(Captioned web images)
──────────
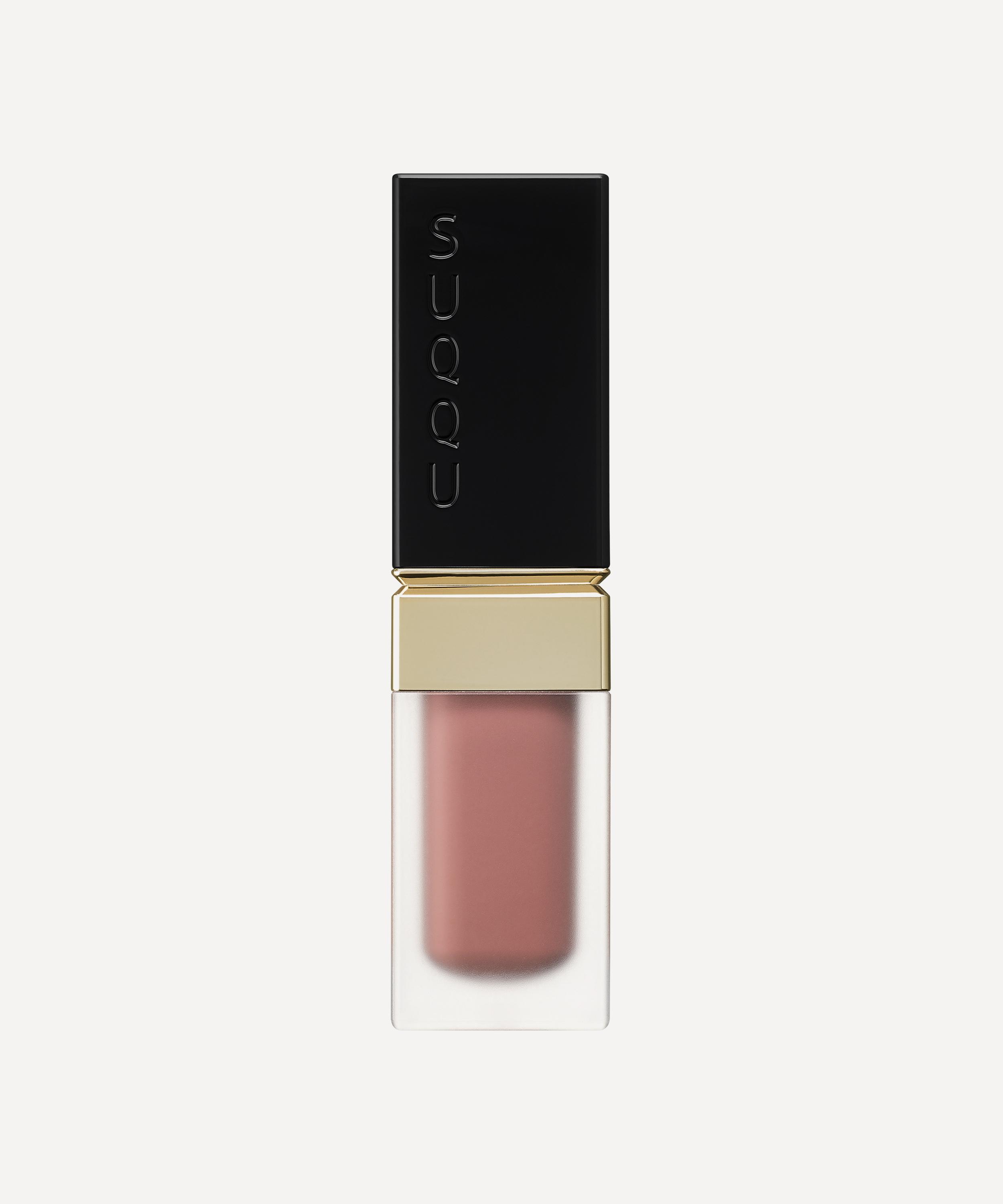 SUQQU - Blur Liquid Lip 5g image number 0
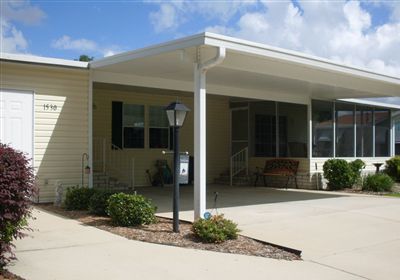 1530 Warmwood Drive, Grand Island, FL 32735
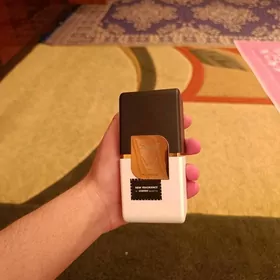 Sevaverek Lois Vuitton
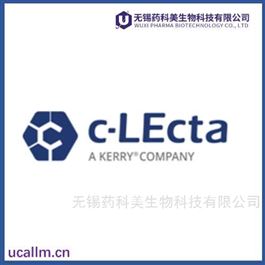 c-LEcta全国代理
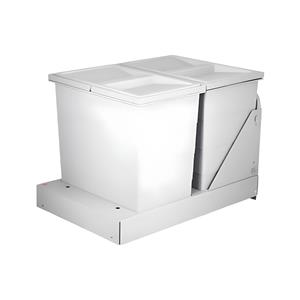 Fantoni-Q-240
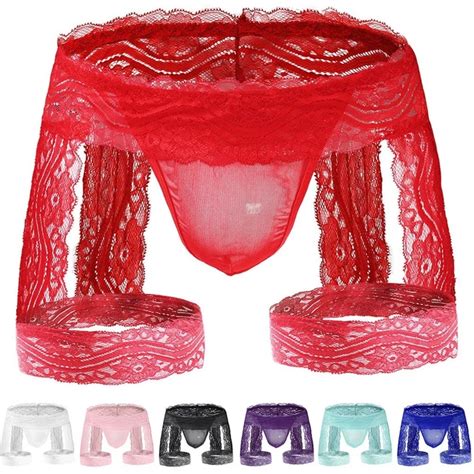 Soutien Gorge Slips Knicker Knickers Lingerie Culotte Strings Bikini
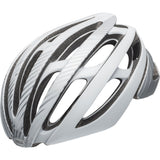 Bell Z20 MIPS Bike Helmets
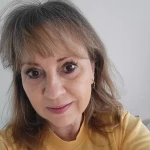 niania - zdjęcie plofirowe użytkownika Agnieszka M.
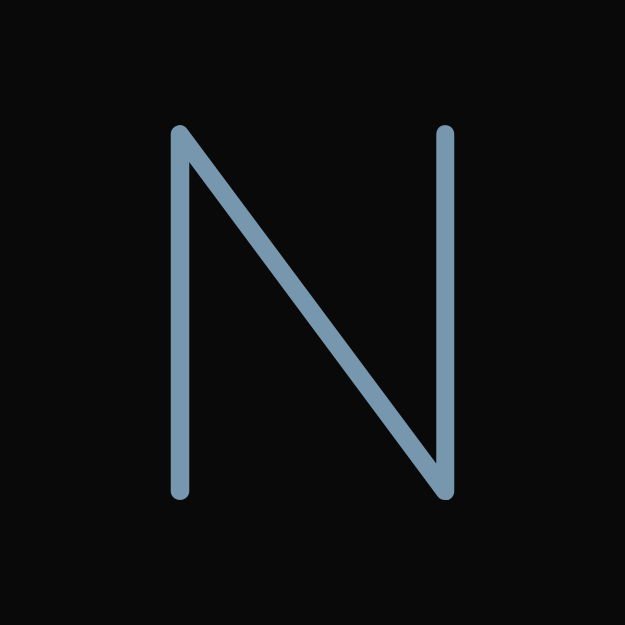 Nord Advertising Agency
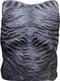 White Walker prosthetic for chest - Game of Thrones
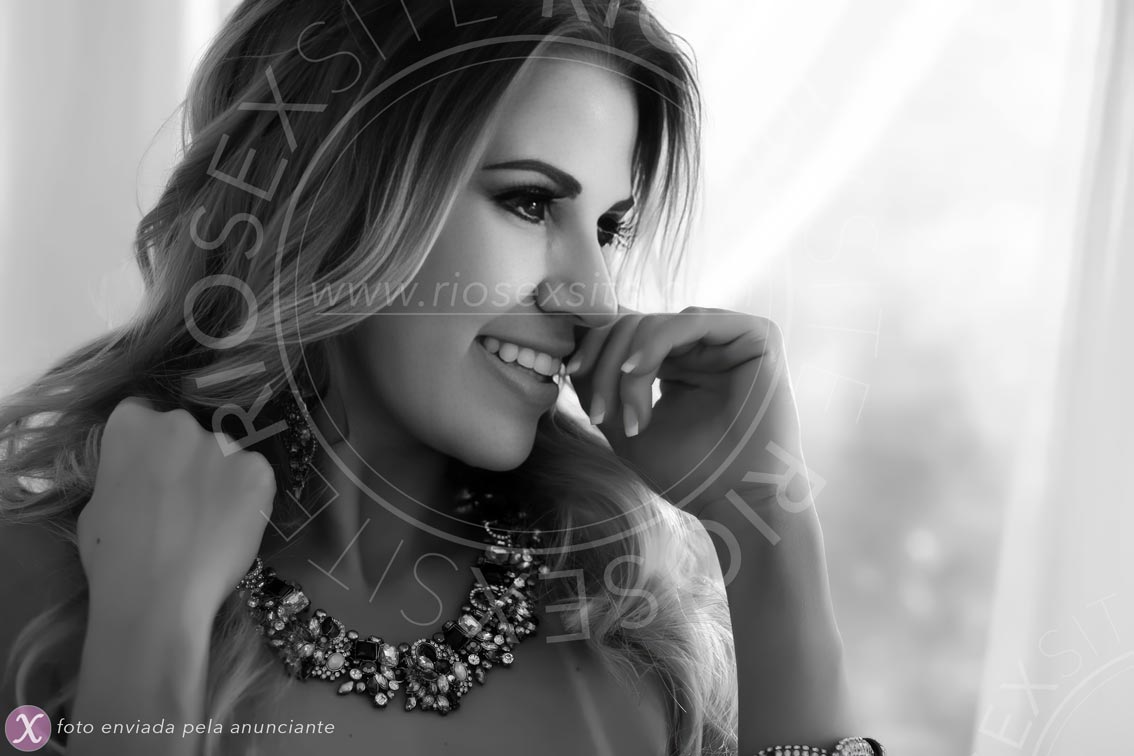 9 - photo of Melissa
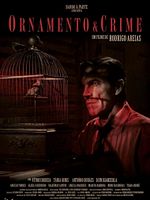 Cartel de Ornamento e Crime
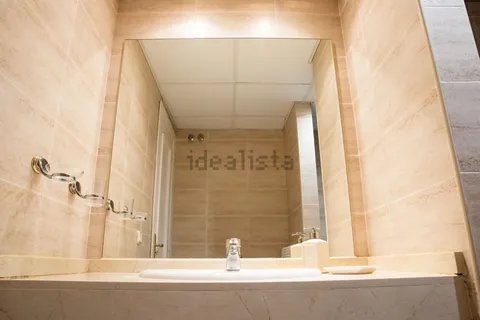 Pis de 226 m² a Marbella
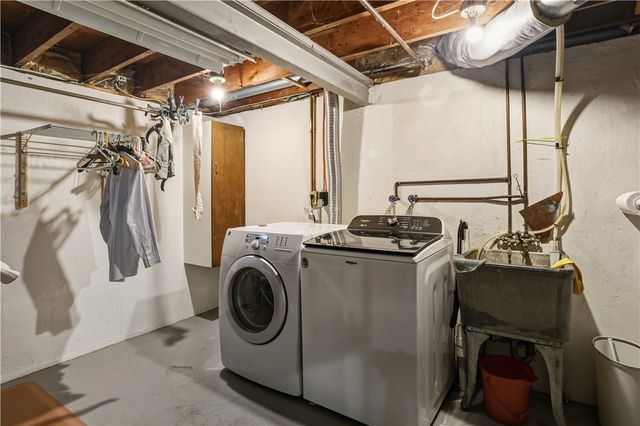 96 Greenridge Drive East, Elmira, NY 14905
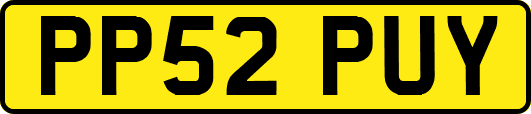 PP52PUY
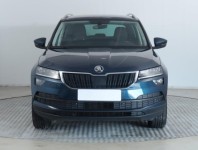 Škoda Karoq  1.6 TDI Style
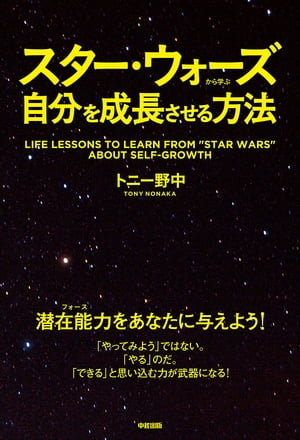 ��������������������ؤּ�ʬ����Ĺ��������ˡ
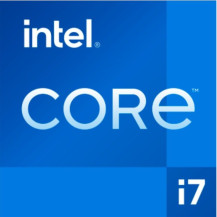 Intel CORE I7-14700T 1.30GHZ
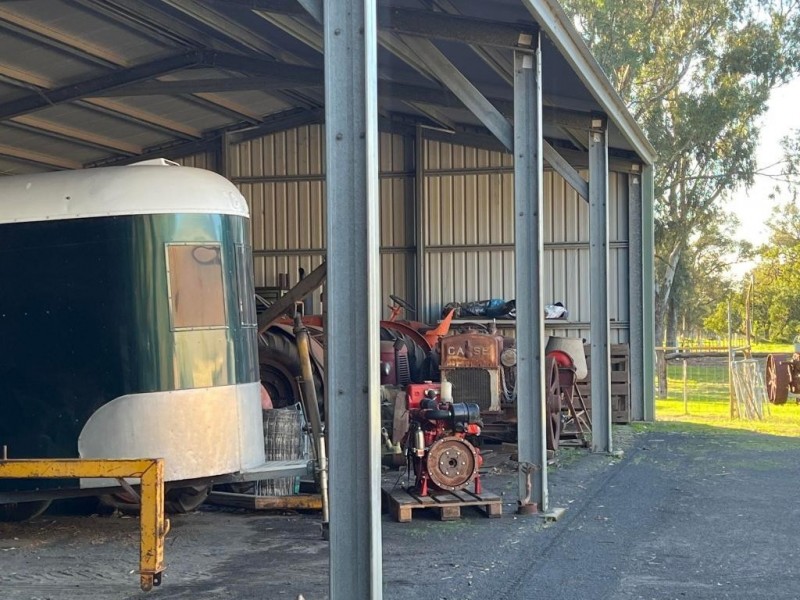 86 Lillydale Road, North Boyanup WA 6237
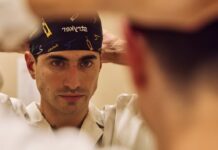 “Step by Step”: Guillermo’s Journey of Recovery After a Life-Changing Accident Guillermo Arce, a young anesthesiologist from Galicia working at the Alicante University Hospital, has made a remarkable recovery after a life-threatening accident.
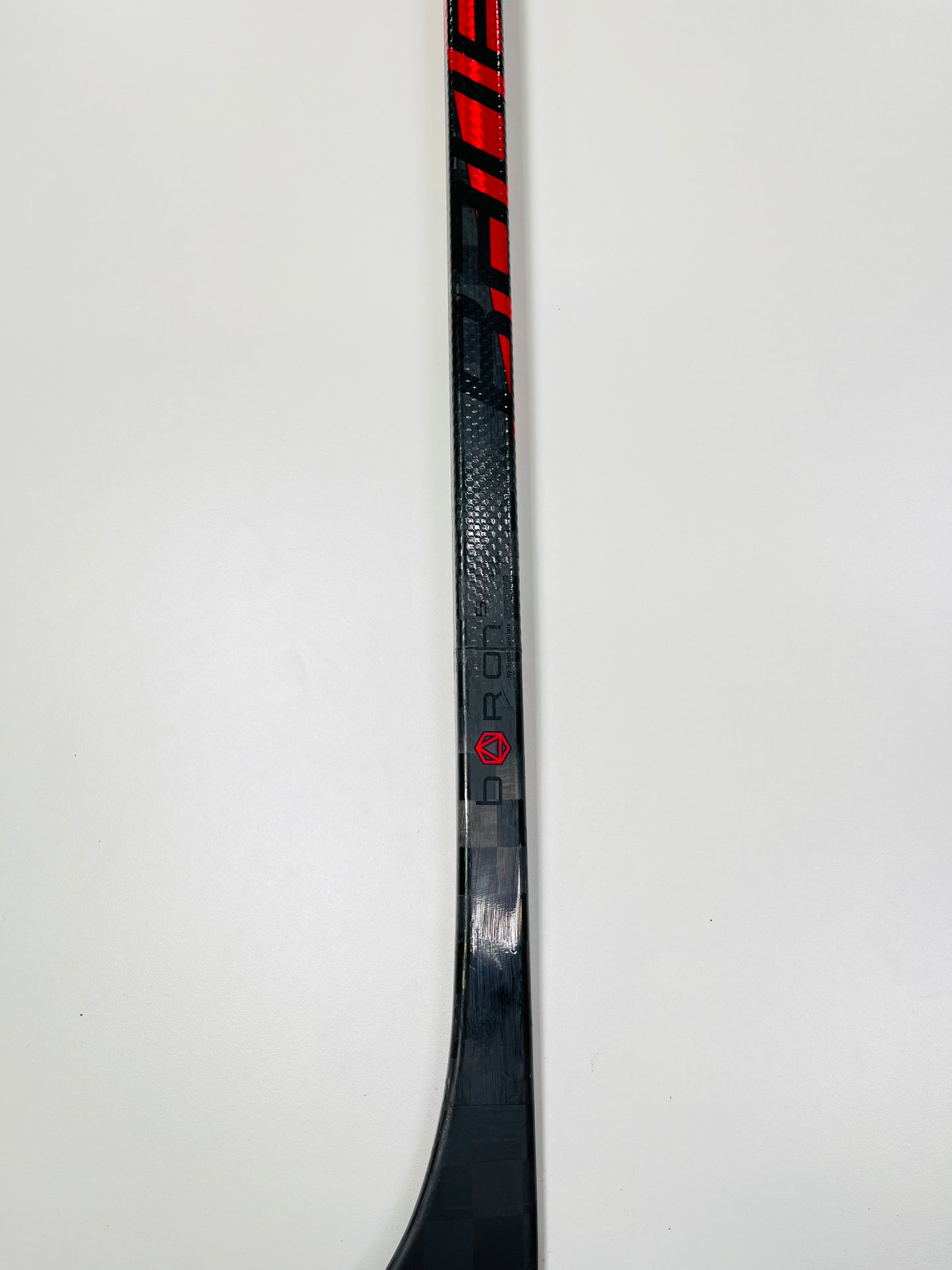 LH Bauer Pulse | 77 Flex | Polischuk | Refurbished | DW-3279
──────────
Nothing but the lines from the first line of the data above through the line holding "86 Lillydale Road, North Boyanup WA 6237" may appear in the response, copied exactly and without pictures.

 SUQQU - Blur Liquid Lip 5g image number 0
 1530 Warmwood Drive, Grand Island, FL 32735
 Sevaverek Lois Vuitton
 c-LEcta全国代理
 Fantoni-Q-240
 Soutien Gorge Slips Knicker Knickers Lingerie Culotte Strings Bikini
 Bell Z20 MIPS Bike Helmets
 niania - zdjęcie plofirowe użytkownika Agnieszka M.
 Nord Advertising Agency
 White Walker prosthetic for chest - Game of Thrones
 9 - photo of Melissa
 Cartel de Ornamento e Crime
 Pis de 226 m² a Marbella
 96 Greenridge Drive East, Elmira, NY 14905
 PP52PUY
 Škoda Karoq  1.6 TDI Style
 ��������������������ؤּ�ʬ����Ĺ��������ˡ
 Intel CORE I7-14700T 1.30GHZ
 86 Lillydale Road, North Boyanup WA 6237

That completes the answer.